Commonwealth Heritage List
- Official name: Kyneton Post Office
- Type: Listed place (Historic)
- Designated: 8 November 2011
- Reference no.: 106133

= Kyneton Post Office =

Kyneton Post Office is a heritage-listed post office at 113 Mollison Street, Kyneton, Victoria, Australia. It was designed by Peter Kerr of the colonial Public Works Department and built in 1870–71. It was added to the Australian Commonwealth Heritage List on 8 November 2011.

== History ==
The Kyneton Post Office was constructed in 1870–71. The need for a new building was brought to the attention of the authorities by the agitation of local residents in May 1869, however, the Postmaster General responded in November of that year that there was no possibility that a new building would be constructed. This decision was altered in 1870, with the Shire Council being advised of the intention to build a new post office. Further local agitation, led by prominent residents the Hon. William Henry Fancourt Mitchell and Martin McKenna MLA, pressed for the inclusion of a clock tower in the building's design. After a number of deputations to the Postmaster General a decision was made to include the clock tower, providing that all additional costs above £1,700 were met by local residents and the Shire Council.
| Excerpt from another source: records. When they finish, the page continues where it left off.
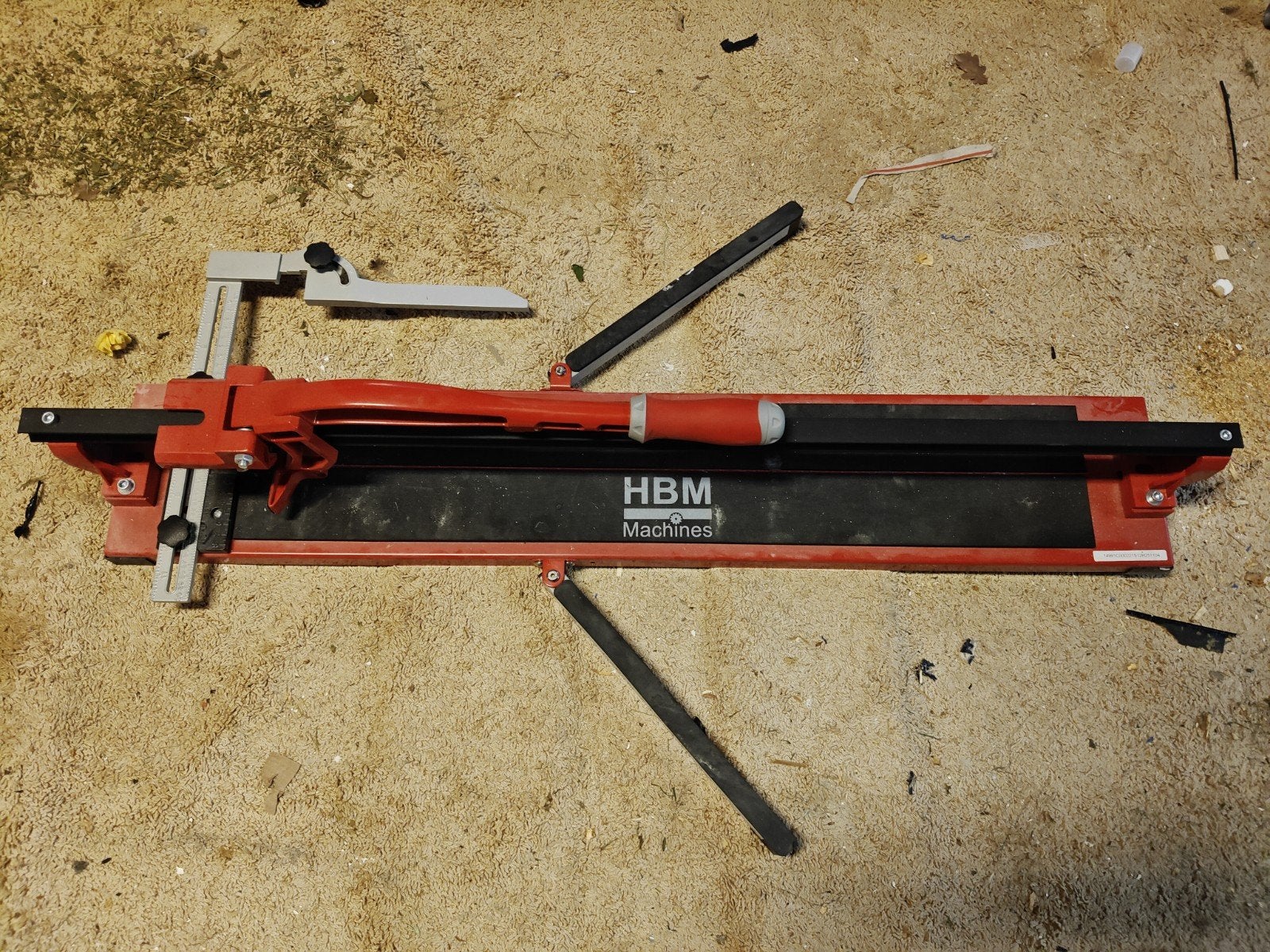 HBM tegelsnijder - Zo goed als nieuw, Doe-het-zelf en Verbouw, Gereedschap | Handgereedschap, Ophalen, Zo goed als nieuw, Snijgereedschap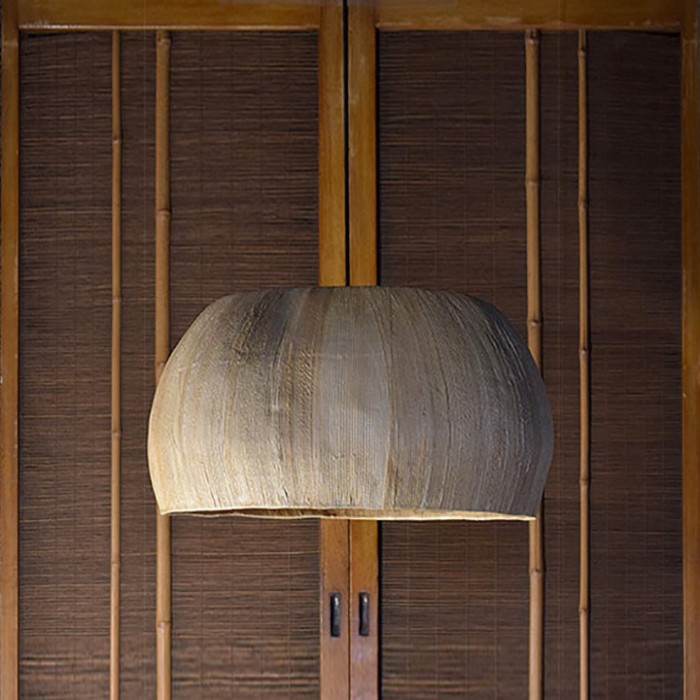 Lampe BASHOU GM en feuilles de bananier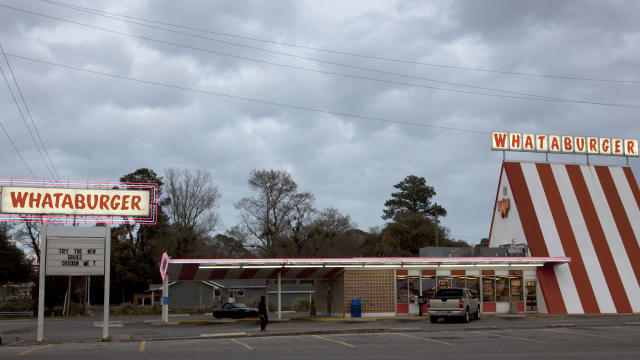 A Whataburger restaurant in Mobile, Alabama.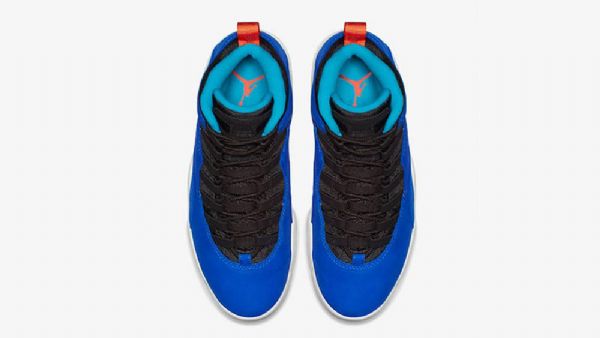 Nike Air Jordan 10 Tinker Sko Til Mænd Blå Sort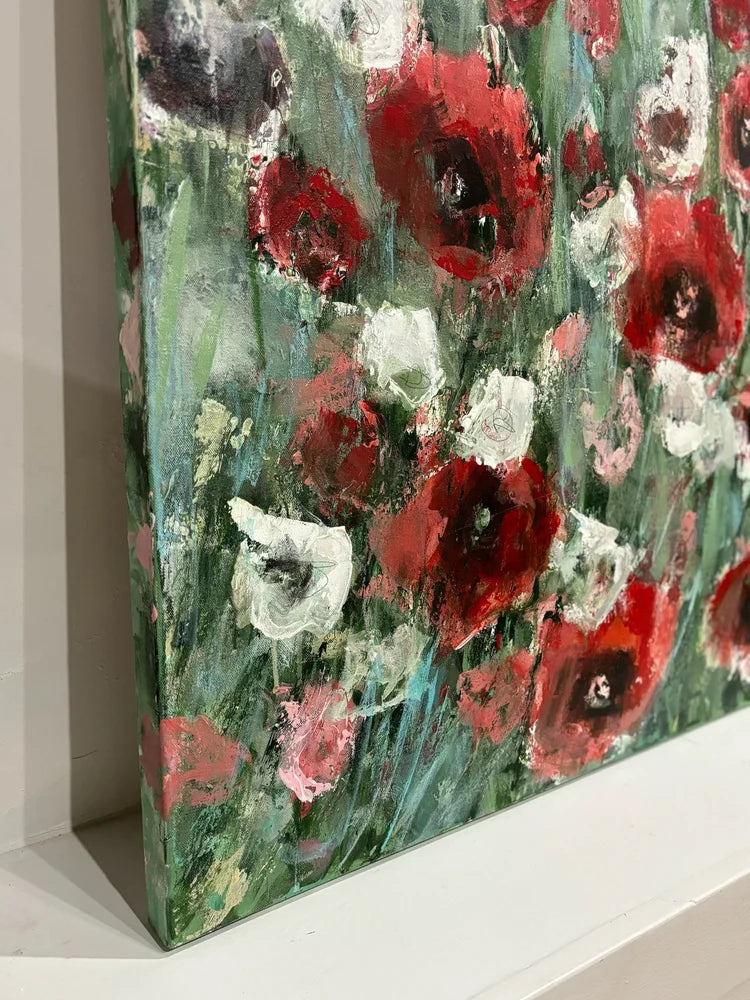 Field of falling in love poppies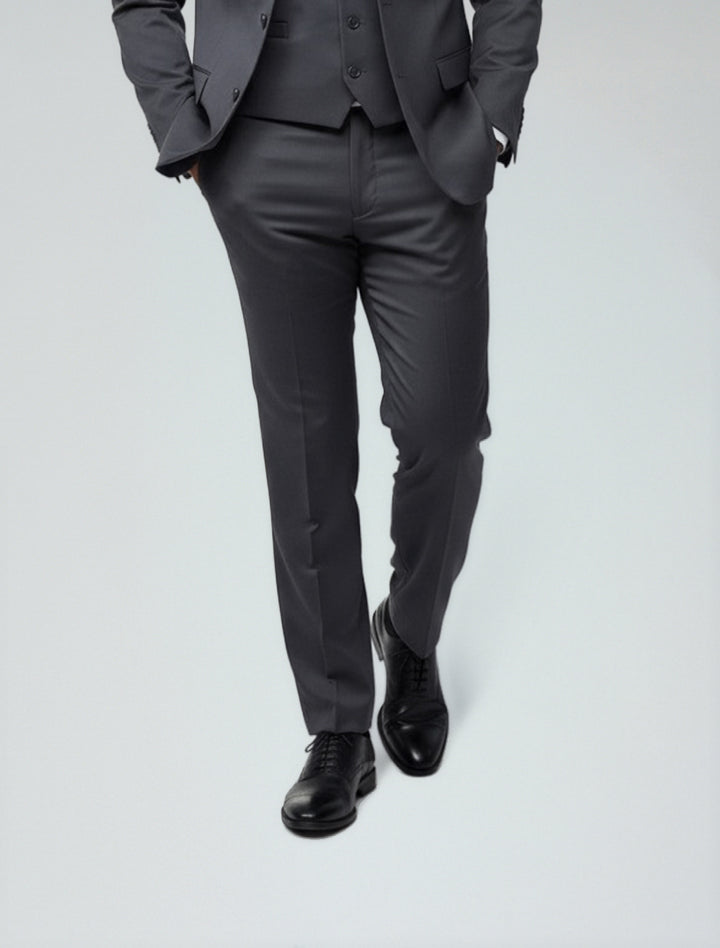 A person wearing Karako Separate Charcoal Grey Men&
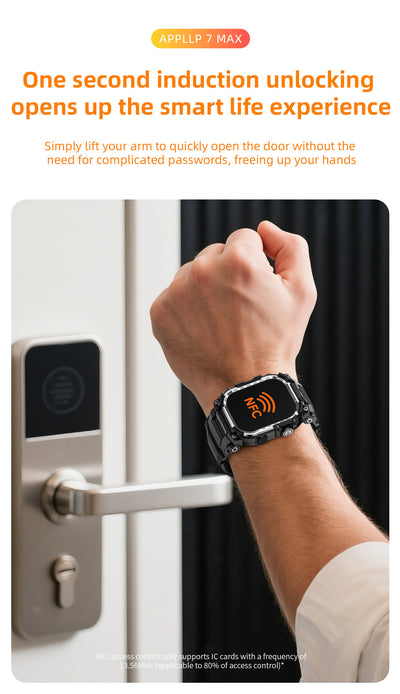 Reloj Inteligente APPLLP 7 MAX con Pantalla Amplia, WiFi y Cámara Extraíble - Image 19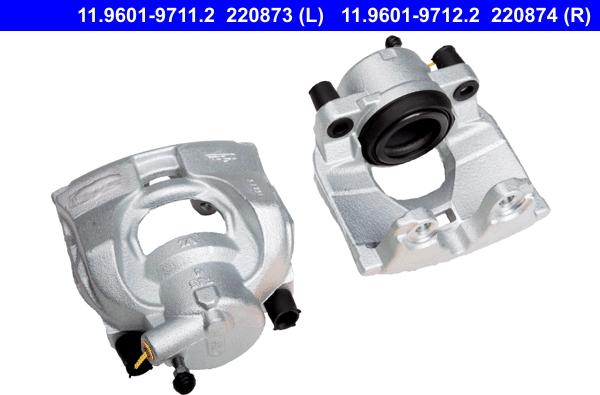 ATE 11.9601-9712.2 - Brake Caliper autospares.lv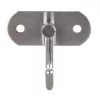 Akasztó 60x245x52mm rozsdamentes acél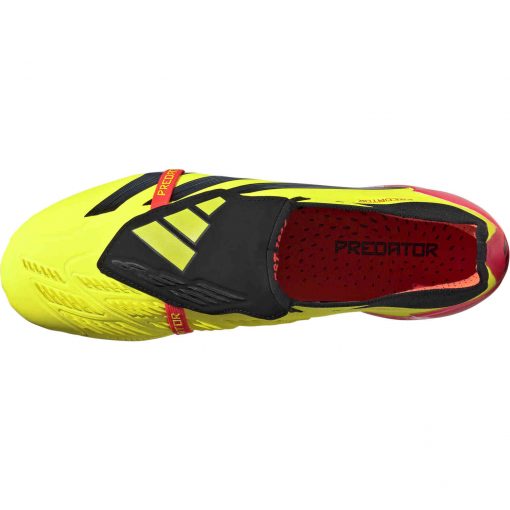 adidas Predator Plus FG Firm Ground - Team Solar Yellow 2 & Core Black with Solar Red - Image 5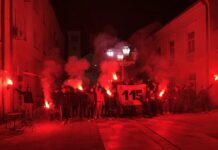 FOTO | Čapljina u znaku Bijelih: 115 godina Hajduka proslavljeno uz bakljadu i pjesmu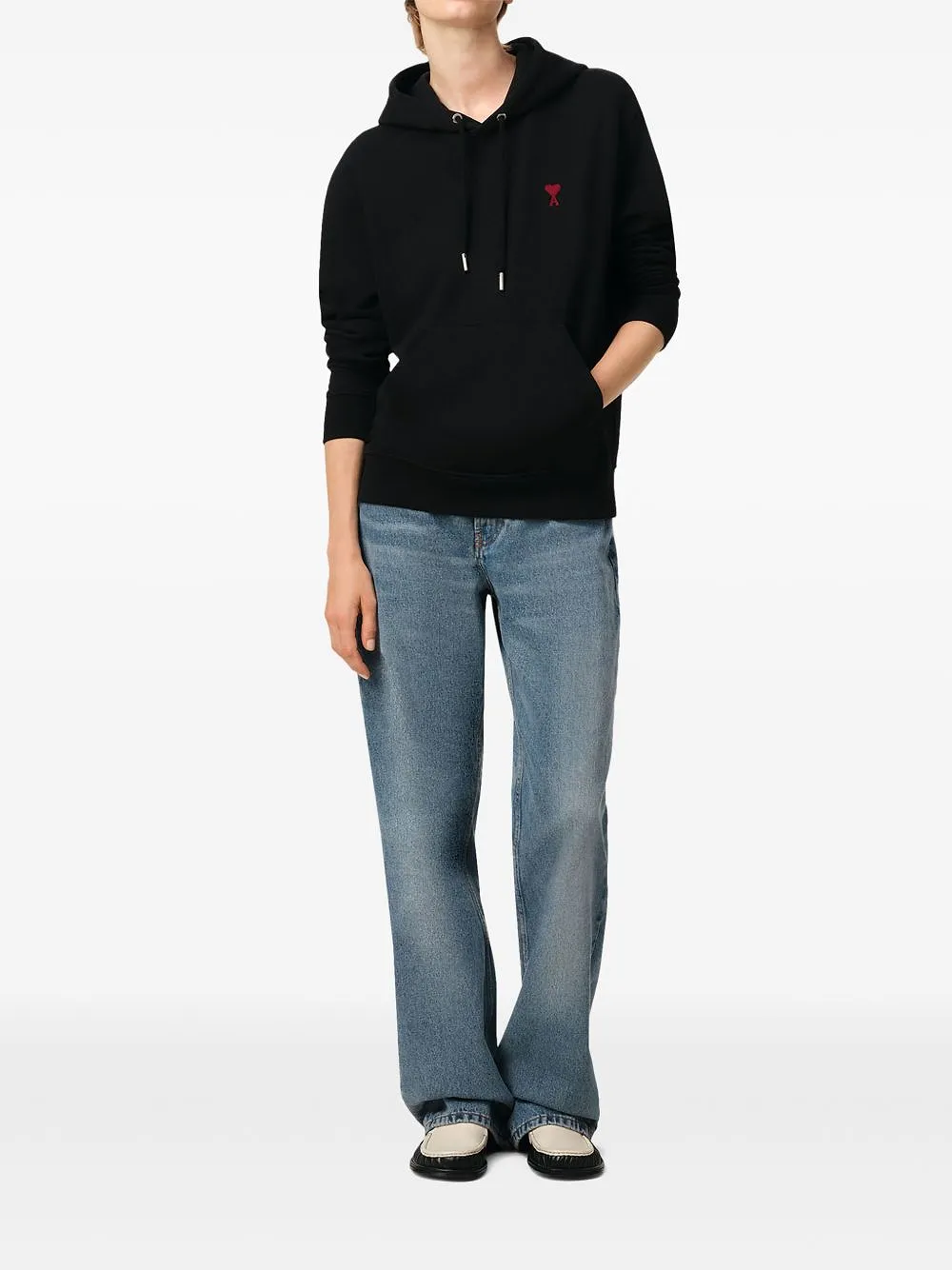 Ami Paris Ami De Coeur Cotton Hoodie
The new post office was finished in December 1871, complete with a four-dial clock, made by Charles Prebble, a Kyneton watch and clock maker and jeweller.

The building underwent unidentified improvement works in 1878 and 1881, and a new telegraph room in the building opened in 1885. An additional single-storey bay was constructed c. 1893 to south side of original building and building lit with kerosene lamps. (It is possible this stage of works was actually completed in 1885 as part of the new telegraph room facility). Kerosene lamps were replaced by gas fittings in 1895.

In c. 1910s–20s, the 1890s single-storey bay was further added to, extending the building alignment to southern boundary and losing the original southern garden setting. The skillion roof form of the loggia was altered to a parapet form.

Between the 1940s and 1960s, it underwent phases of general refurbishment of the building including lighting, strapped plaster ceilings at ground floor level, acoustic ceilings at first floor level; construction of first floor amenities area north of main stair; alterations to door opening from first floor stair hall to front room; construction of timber-framed partition to create passage to clock tower access at first floor level; fire escape stair constructed in rear yard. The northern bay of the loggia was infilled and incorporated into the internal space at some stage prior to 1957.

An automatic telephone exchange was constructed in the rear yard c. 1968. In c. 1975, the postal and telephone functions area was subdivided and private letter boxes were installed in the front loggia. A disabled access ramp at the northern end of the loggia was constructed c. 1980s, with removal of the loggia infill.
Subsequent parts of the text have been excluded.